--- Work request ---
Transcribe exactly the lines from the one containing "Hyundai i20 (2024) thumbnail 1" through the end of the data, both included. Leave out pictures.
-- Opening Marker --
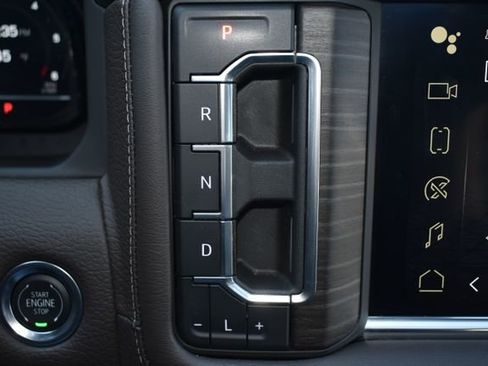 Used 2022 GMC Yukon Denali image 28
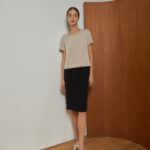 Reversible Basic Blouse II with black floral prints and solid beige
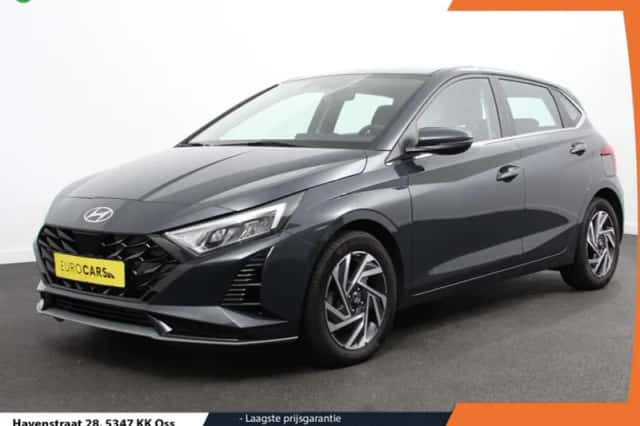 Hyundai i20 (2024) thumbnail 1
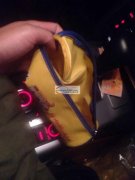 本人有一款圆筒包外发 【数量三十万】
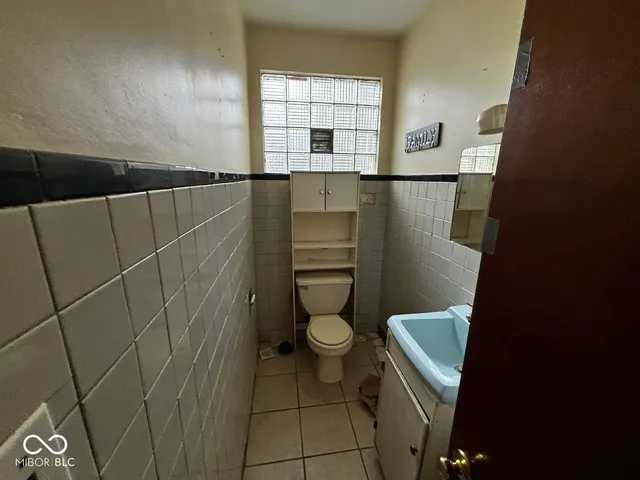 $93,500 | 1108 Burdsal Parkway, Indianapolis, IN 46208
-- Closing Marker --
--- Response for this exercise ---
 Hyundai i20 (2024) thumbnail 1
 本人有一款圆筒包外发 【数量三十万】
 $93,500 | 1108 Burdsal Parkway, Indianapolis, IN 46208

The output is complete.